Few NGO or industry analysts canvassed by EURACTIV expected the new proposal to have a significant long-term effect on carbon prices, although the proposal’s simplicity was welcomed by some.
The EU’s Emissions Trading System (ETS) is widely acknowledged to face three problems:
- A linear cap on carbon allowances that reduces at 1.74% a year, far below what is needed to meet the EU’s objective of an 80% cut in emissions by 2050
- The surplus of billions of allowances as a result of economic recession and over-allocation
- It operates as a fixed supply of allowances that is structurally unable to adapt to changing demand patterns, so causing price volatility.
“This proposal is mainly trying to address the third problem and some of the surplus perhaps,” said Jesse Scott, the environment head of Eurelectric, the European electricity industry’s association in Brussels.
'A tweak to the market'
“It’s helpful as far as it goes but not wildly exciting,” she added. “It is a tweak to the functioning of the market that is not going to have a radical impact on the basic cap which drives prices.”
In an impact assessment accompanying the 2030 package, with which the new structural reform will be released tomorrow (22 January), the Commission does propose increasing the linear cap to 2.2%.
But number-crunchers at Friends of the Earth contend that, on its own, this will delay achievement of the EU’s decarbonisation goals from 2050 to 2066 (as opposed to 2070 with a 1.74% target) and call for a cap above 3%.
Brook Riley, a spokesman for the group, described the proposal as “too little, too late” and “just abysmal”. Sarah Deblock though, a spokeswoman for the International Emissions Trading Association said that a majority of her members would welcome a similar ‘flexible supply mechanism’.
Such a reserve would “improve the ETS,” she said, “although our reflection has looked at different types of triggers.”
Carbon market glut
However, Europe’s enormous carbon allowance glut, which continues to depress carbon prices and offers no disincentive to coal use, would remain unaddressed by the withholding of 100 million allowances a year.
According to research by the environmental group Sandbag, up to 3.8 billion allowances in the trading period to 2020 could be surplus to requirements.
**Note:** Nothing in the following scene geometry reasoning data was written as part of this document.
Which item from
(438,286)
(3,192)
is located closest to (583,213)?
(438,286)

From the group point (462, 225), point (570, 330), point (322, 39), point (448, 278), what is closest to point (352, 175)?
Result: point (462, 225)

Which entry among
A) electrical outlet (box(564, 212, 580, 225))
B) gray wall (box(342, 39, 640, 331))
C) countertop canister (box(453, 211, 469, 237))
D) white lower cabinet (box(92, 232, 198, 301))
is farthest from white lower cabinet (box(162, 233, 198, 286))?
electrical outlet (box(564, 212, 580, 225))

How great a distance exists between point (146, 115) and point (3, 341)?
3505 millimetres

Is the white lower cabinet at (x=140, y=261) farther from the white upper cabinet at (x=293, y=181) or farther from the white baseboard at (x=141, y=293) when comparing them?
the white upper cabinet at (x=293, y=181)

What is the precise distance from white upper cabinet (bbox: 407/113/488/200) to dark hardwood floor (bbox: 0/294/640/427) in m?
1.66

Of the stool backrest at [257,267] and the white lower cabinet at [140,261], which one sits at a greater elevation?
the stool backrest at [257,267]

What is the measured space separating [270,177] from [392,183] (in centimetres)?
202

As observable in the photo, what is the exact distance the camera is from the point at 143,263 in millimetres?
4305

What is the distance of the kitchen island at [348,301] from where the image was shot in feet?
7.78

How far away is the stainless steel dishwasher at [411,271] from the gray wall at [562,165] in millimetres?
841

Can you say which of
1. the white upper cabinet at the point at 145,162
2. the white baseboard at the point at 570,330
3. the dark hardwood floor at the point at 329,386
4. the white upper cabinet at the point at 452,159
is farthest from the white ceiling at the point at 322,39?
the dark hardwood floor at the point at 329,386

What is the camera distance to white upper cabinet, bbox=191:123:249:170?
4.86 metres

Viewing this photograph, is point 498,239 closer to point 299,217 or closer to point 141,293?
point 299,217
Analysis by the group indicates that manufacturing sectors accrued roughly 680 million spare allowances over the 2008-2011 trading period, with a net value of around €10.5 billion.
Prices now are too low to run up such huge surpluses. But because EU companies can meet their emissions cutting obligations by offsetting them with carbon allowances bought at bargain basement prices, Sandbag estimates that the bloc’s emissions could even increase by 2.2% every year and still technically meet the EU’s 2020 target of a 20% cut on the greenhouse gas emissions level in 1990.
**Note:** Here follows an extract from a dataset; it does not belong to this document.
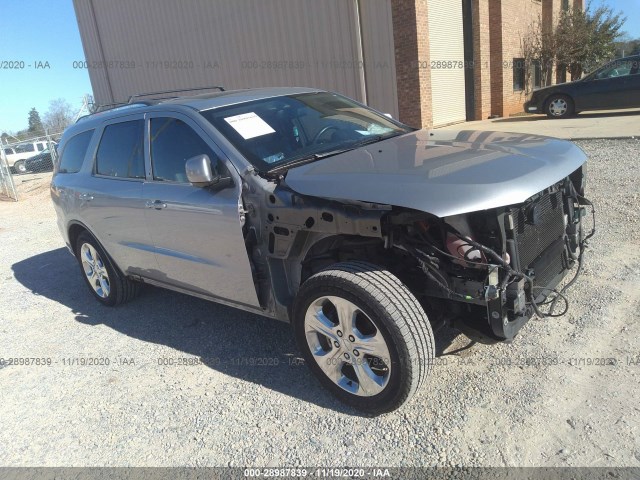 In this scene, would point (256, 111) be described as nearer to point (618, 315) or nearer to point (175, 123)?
point (175, 123)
Damien Morris, Sandbag’s head of policy told EURACTIV that the new proposal had been stripped down to little more than “a permanent automated backloading system.” His group still hoped for a discrete cancellation of allowances, or an option for allowances to depreciate in the reserve through an expiry date system.
In 2013, a backloading proposal to address market over-supply was put to the European parliament, where it faced ire from conservative politicians and industry groups which argued that it would make their businesses uncompetitive in a global market largely unencumbered by climate policies.
A compromise proposal that pleased few but saved the faces of many finally limped home last Spring. Carbon prices are still languishing at below €5 a tonne today.
Surprisingly, officials from the employers confederation, BusinessEurope, which led opposition to the backloading move last year declined to comment on this draft ahead of publication.
But a letter sent by the group’s director-general Markus Beyrer to the EU president Jose Manuel Barroso on 8 January 2014, supports a continued allocation of free allowances to industry at a reference price of €30 a tonne, the value at which the bloc hoped allowances would trade.
“In the longer-term, full compensation through free allocation based on benchmarks must allow the most efficient companies to be globally competitive without being penalized by indirect and direct carbon costs,” Beyrer’s letter said.